In Gilroy, we have many examples of properties where we used to not require vehicle parking many decades ago, before a majority of zoning codes have been adopted that require more land to be developed for parking. With the recent implementation of Vehicles Mile Traveled we look toward increasing alternative options to the single occupant vehicle and creative solutions like those mentioned in our General Plan 2040 to continue to push us all forward.
In response to the pandemic and the closure of restaurants and small shops, local governments allowed businesses to expand into on-site and street parking spaces to allow for safe outdoor dining and shopping. These new and more productive uses of parking spaces have shown us the way forward to create more inviting and sustainable neighborhoods, and allow small businesses to survive and in some cases thrive.

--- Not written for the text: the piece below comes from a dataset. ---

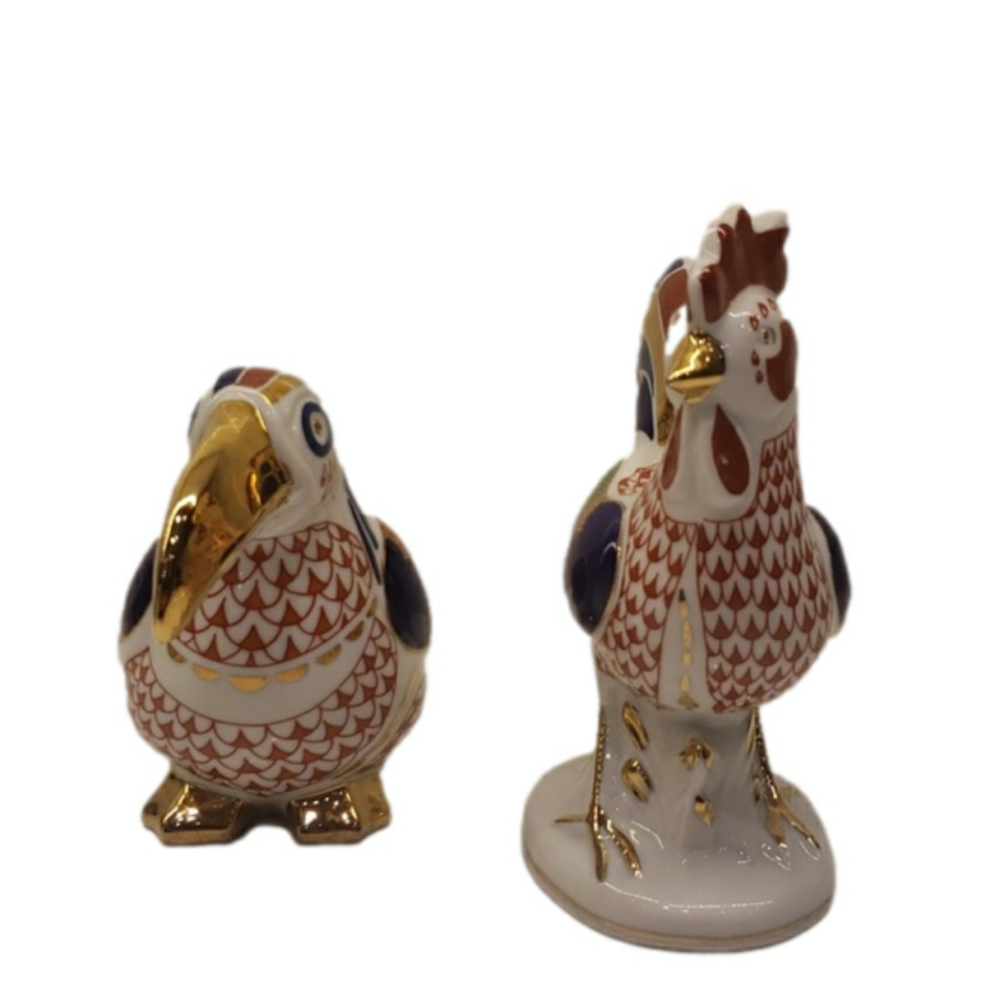 Vintage Set of 2 Unbranded Rooster and Parrot Ceramic Multi Color Gold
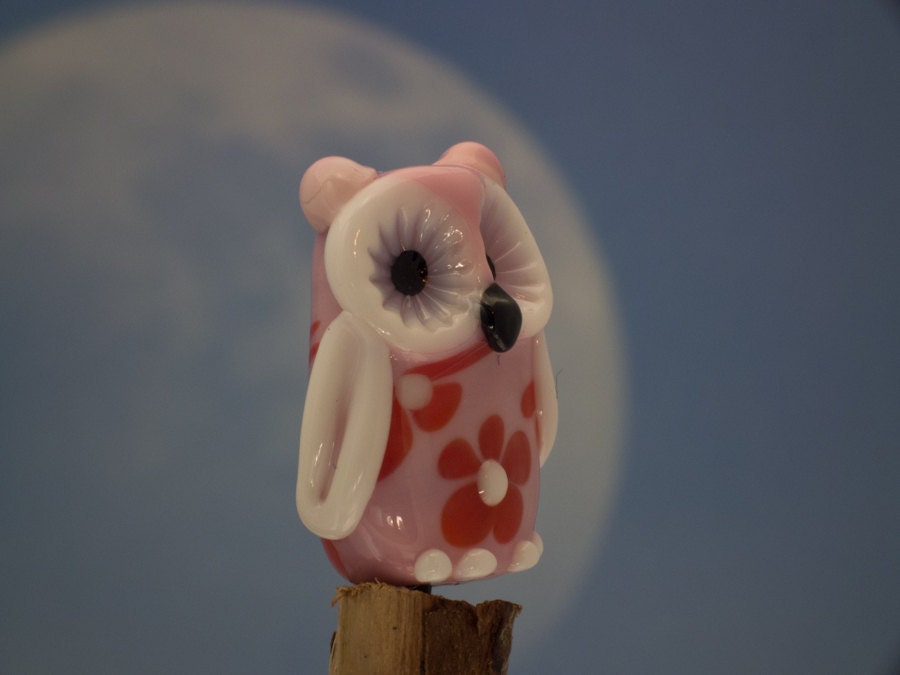 Paisley....... lampwork flower owl bead...sra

With the recent adoption of Gilroy’s General Plan 2040, we called for bold actions that included continuing to promote cleaner modes of transportation. We encourage existing and proposed developments to incorporate Transportation Demand Management measures such as car-sharing, transit passes and unbundling of parking. We have planned for projects and have the resources in 2022 to make them successful, but it’s “political will” that keeps getting in the way. Recently, the City of Gilroy, Valley Transportation Authority and Transportation Agency for Monterey County signed an MOU for rail improvements of the Monterey County Rail Extension Project to include Bay Area CalTrain service connection to Salinas. Gilroy, like Salinas, is building future public transportation options within our downtown.

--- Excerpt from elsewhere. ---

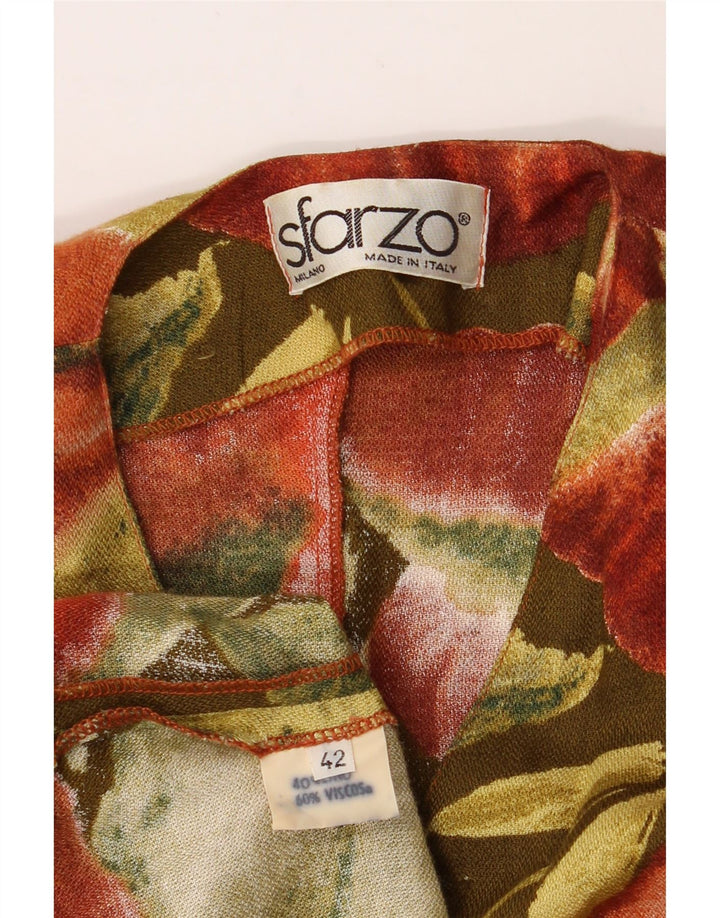 SFARZO Womens Cardigan Top IT 42 Medium Red Floral Linen Vintage Sfarzo and Second-Hand Sfarzo from Messina Hembry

The goals and policies of our General Plan 2040 address a variety of topics, including multimodal transportation, complete streets, pedestrian facilities, bikeways, public transit, vehicular transportation, parking, and goods movement. Our entire Zoning Code is currently being updated to reflect the values of our General Plan 2040 and should be coming to the City Council for adoption soon.

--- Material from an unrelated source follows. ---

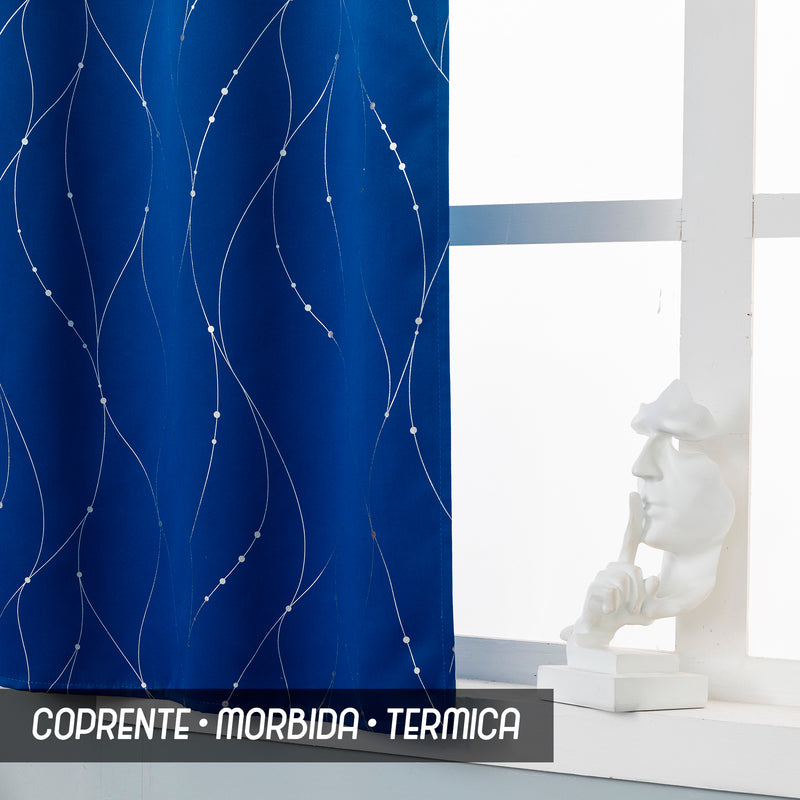 COPPIA TENDE CAPRI OSCURANTI MOTIVO INTRECCIO 2X70X150CM BLU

By eliminating arbitrary parking minimums and allowing in-lieu fees we can prevent the wasteful overproduction of parking spaces, reduce car dependency, and carbon emissions. It will encourage greater transit usage and more housing and business growth near transit, helping to create revitalized and pedestrian-friendly commercial corridors and our downtown. This would not prohibit property owners from building on-site parking. Rather, it gives them the flexibility to decide on their own how much on-site parking to provide, instead of requiring compliance with a one-size-fits-all mandate.
Parking lots, especially empty ones, do nothing for us at the local level to be able to maximize our collection of property taxes. A mixed-use project will generate significant property and sales tax. When transit riders shift their modes in getting to transit by walk/bike/ride-share/carpool, they will visit and spend money locally. We are creating more walkable/bikeable places to live that don’t require you to own a car while providing much-needed housing for our graduating high school seniors, teachers, city employees, and college grads to come home to.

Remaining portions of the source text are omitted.